Biography: Baneen Alhmoud


Introduction: E-Learning is a widely-used method which has recently been expanding in healthcare settings. The use of technology to deliver and support learning has been utilised in continuous medical education for health professionals’ in developed countries, and recently in Saudi Arabia. It has shown great success in improving medical education in numerous projects around the world, despite the challenges in adopting digital learning tools in professionals’ workplaces. In Saudi Arabia, continuous medical education is facing many hindrances in its quality and effectiveness. Despite the promising future of e-learning in Saudi, this change could be faced with more evolving challenges. The healthcare development in Saudi Arabia has gone through a great transformation, where the most recent digital advancements have taken place, yet E-learning for professionals has only recently begun. This study will focus on reviewing the transformation of medical education and E-learning in Saudi Arabia, and the relevant challenges reported.

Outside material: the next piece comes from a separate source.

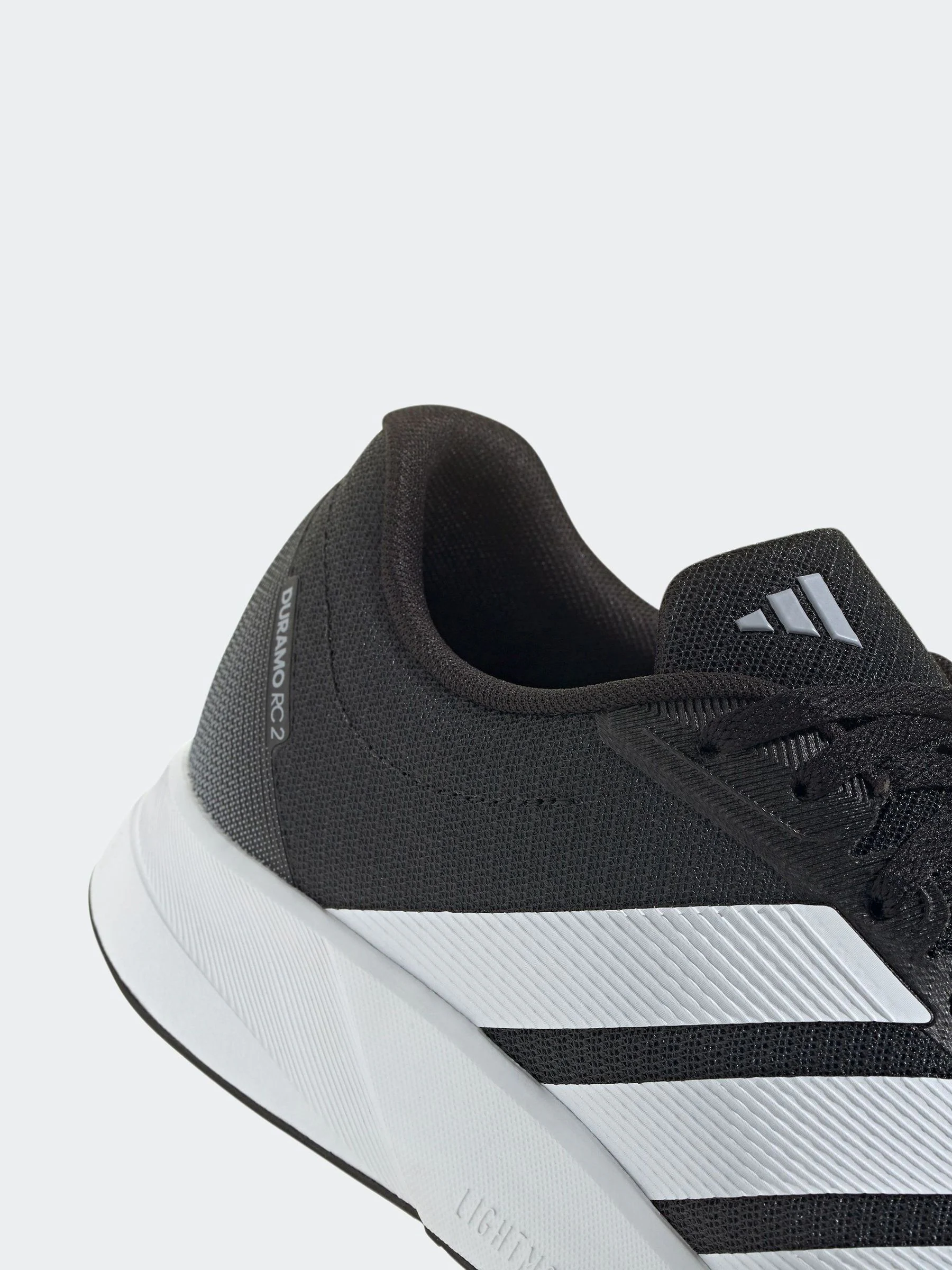 Zwart - adidas Duramo RC2 Running Trainers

Methodology: This paper includes a review of the current stand of medical education in Saudi and the introduction of E-learning in the healthcare field. This will highlight the witnessed effectiveness of e-learning and explore the challenges experienced and that will believably evolve when continuous medical education takes a digital approach.

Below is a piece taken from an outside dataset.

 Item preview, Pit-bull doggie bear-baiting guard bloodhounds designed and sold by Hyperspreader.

Results: The synthesis of the review demonstrates an effectiveness of E-learning in improving professionals’ knowledge in at least a similar effect as traditional learning, yet applicability of this learning in everyday practice is still questioned. It also shows that speciality-focused e-learning tools are likely to provide desired results for learners. Among the challenges facing medical
E-learning in Saudi are the requirements for effective reliable assessment of needs, the quality of learning contents, and the maturity level in the technological background and the infrastructure in healthcare settings.

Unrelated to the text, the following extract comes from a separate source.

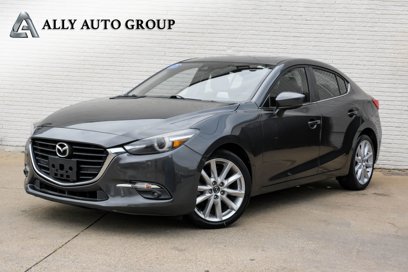 Used 2017 MAZDA MAZDA3 Grand Touring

Discussion and conclusion: The transformation of Saudi healthcare exhibits the rapid growth of healthcare technology adoption and thus it is expected to witness more e-learning projects that switch traditional CME delivery to ‘paperless’. There is an obvious technology-positivism view in developing that area, which shows a great ambition, but in apparent need of guidance. It is important to realize the lack of experience and the immature infrastructure when implementing E-learning in the healthcare field. Looking at successful international examples would be very constructive in managing challenges observed and anticipating possible future ones. E-learning in Saudi healthcare settings needs to be studied widely to construct a foundation of knowledge to refer to. The further plan is to study the adoption of healthcare professionals of a newly implemented e-learning in a specialized hospital, to investigate an unexplored area in the fast-growing field in Saudi Arabia.